--- ACTIVITY ---
From the material below, reproduce exactly the stretch of lines that begins with the line holding "Jobs CadetBlue icon" and ends with the line holding "Citrine 925 Sterling Silver Pendant", skipping the pictures.

--- RECORD SET ---

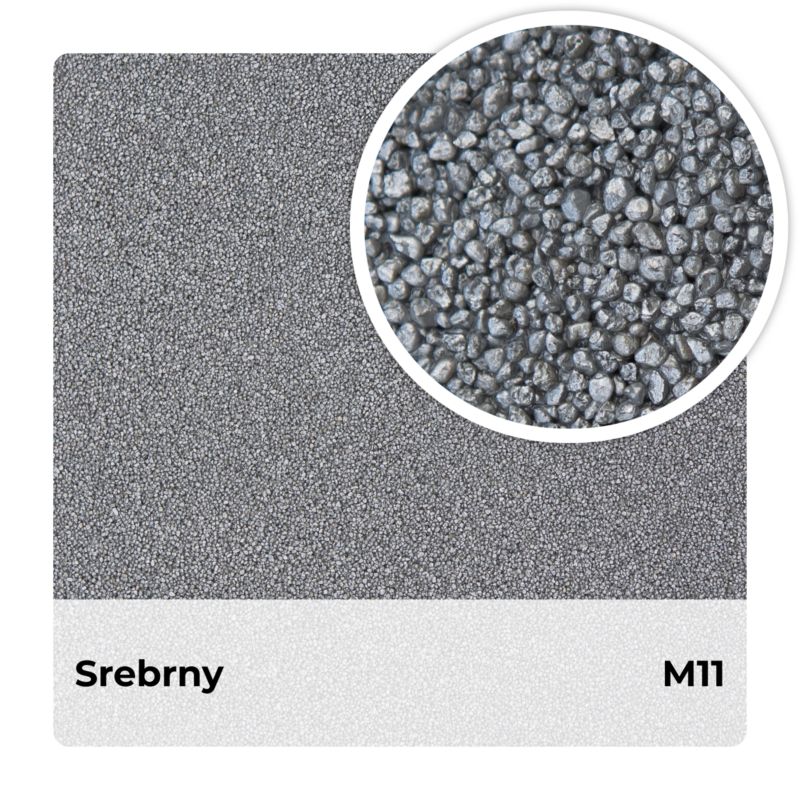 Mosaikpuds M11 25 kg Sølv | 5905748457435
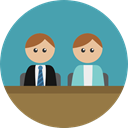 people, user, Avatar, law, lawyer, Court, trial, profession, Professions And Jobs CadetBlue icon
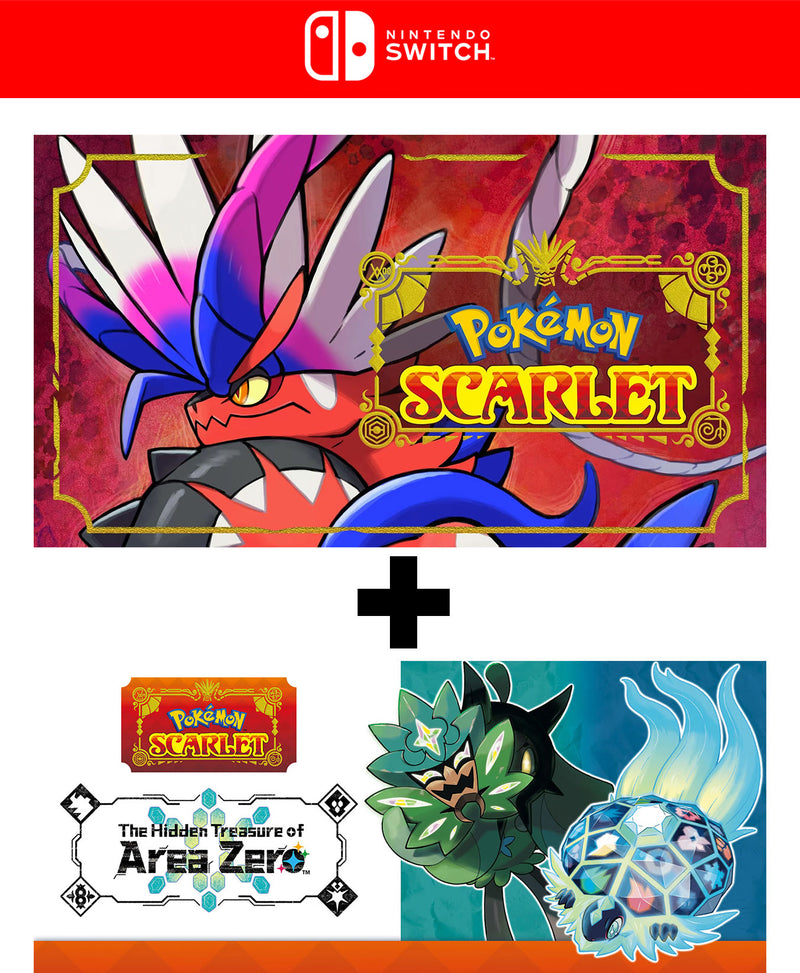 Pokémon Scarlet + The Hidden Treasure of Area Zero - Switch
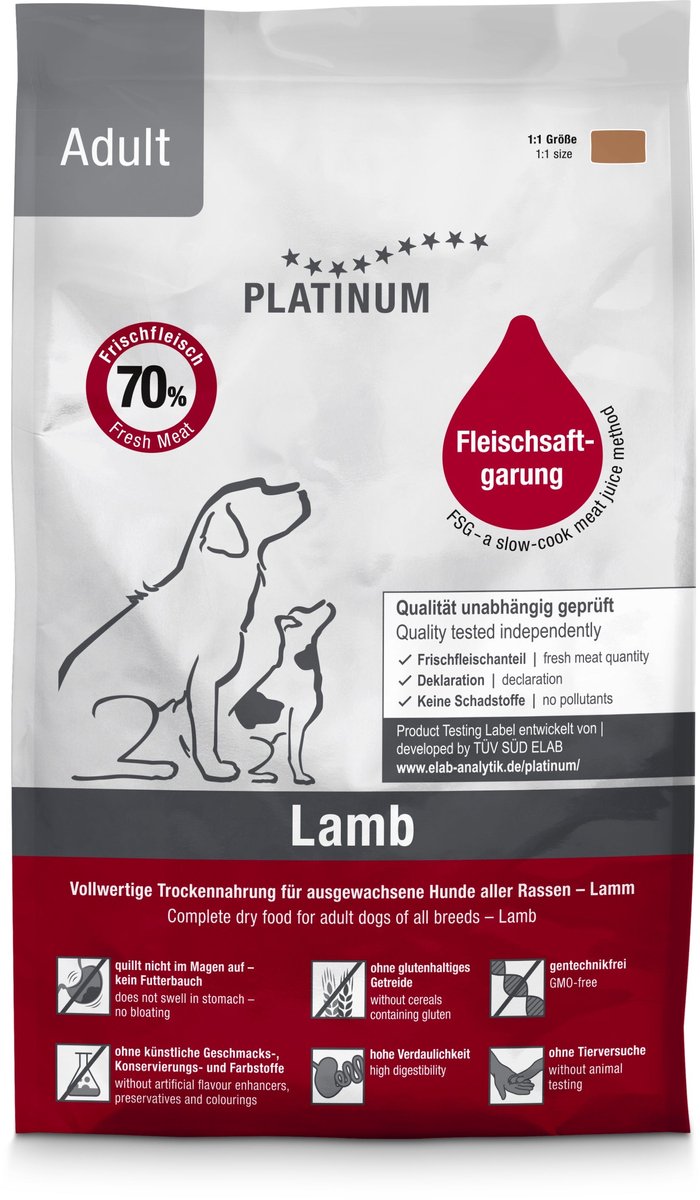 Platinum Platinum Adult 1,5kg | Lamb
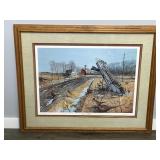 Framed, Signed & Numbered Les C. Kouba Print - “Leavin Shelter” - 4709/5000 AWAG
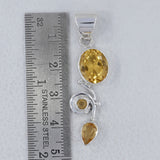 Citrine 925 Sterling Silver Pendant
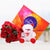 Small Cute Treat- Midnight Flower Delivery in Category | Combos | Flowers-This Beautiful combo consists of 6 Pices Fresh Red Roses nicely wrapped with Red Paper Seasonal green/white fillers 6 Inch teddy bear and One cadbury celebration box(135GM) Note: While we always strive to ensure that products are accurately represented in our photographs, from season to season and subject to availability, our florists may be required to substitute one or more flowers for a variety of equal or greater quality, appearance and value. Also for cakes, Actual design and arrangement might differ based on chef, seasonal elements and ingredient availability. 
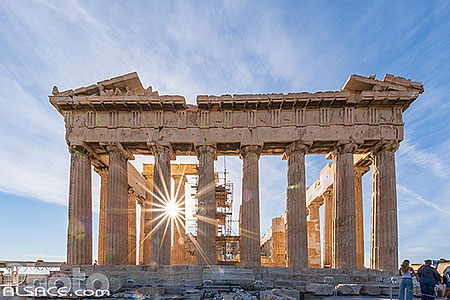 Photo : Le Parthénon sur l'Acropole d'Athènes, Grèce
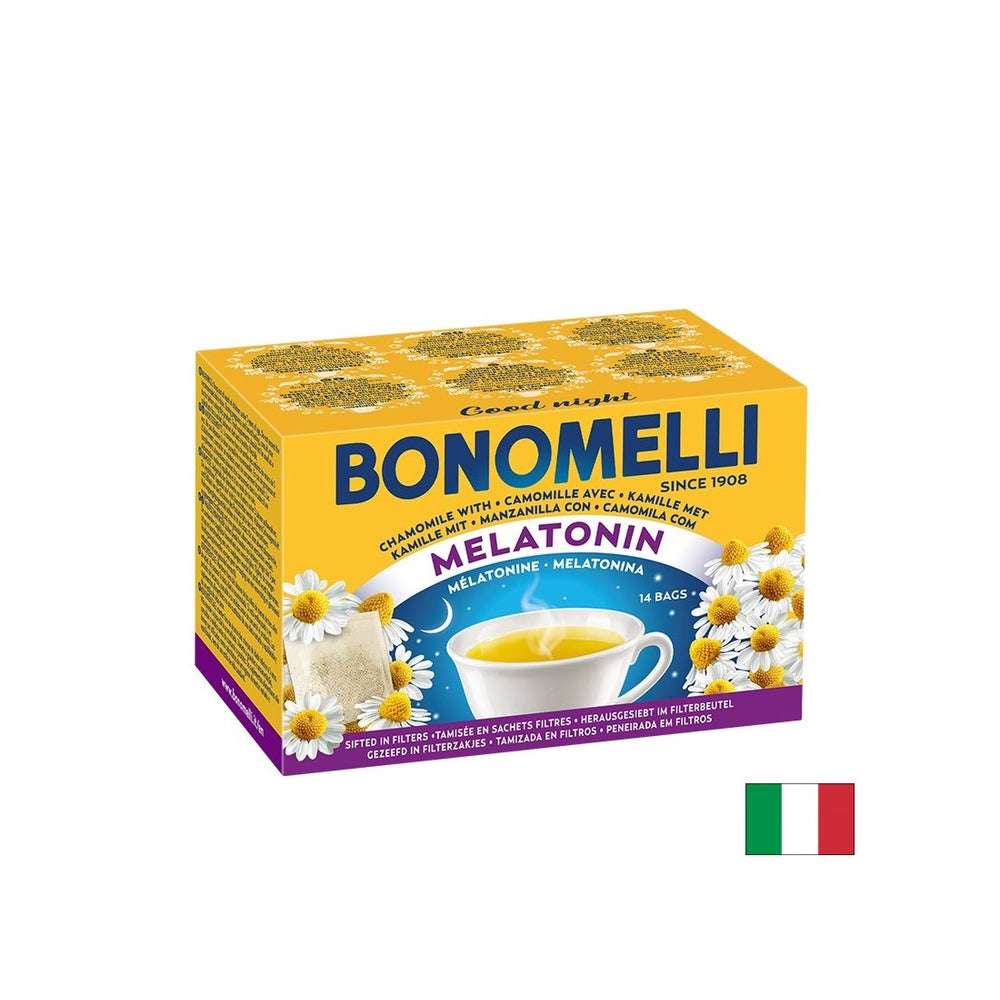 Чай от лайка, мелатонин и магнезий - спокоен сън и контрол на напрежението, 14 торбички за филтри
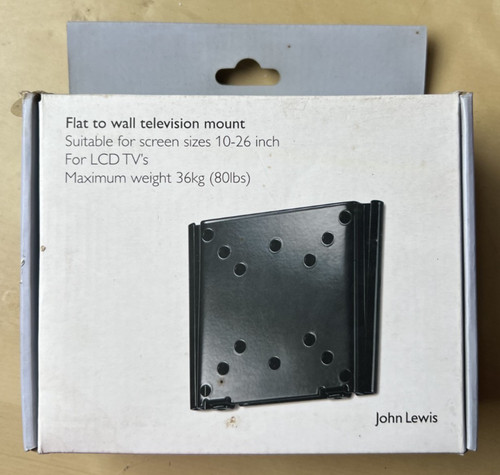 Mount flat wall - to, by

--- WRITTEN ANSWER ---
 people, user, Avatar, law, lawyer, Court, trial, profession, Professions And Jobs CadetBlue icon
 Pokémon Scarlet + The Hidden Treasure of Area Zero - Switch
 Platinum Platinum Adult 1,5kg | Lamb
 Framed, Signed & Numbered Les C. Kouba Print - “Leavin Shelter” - 4709/5000 AWAG
 Citrine 925 Sterling Silver Pendant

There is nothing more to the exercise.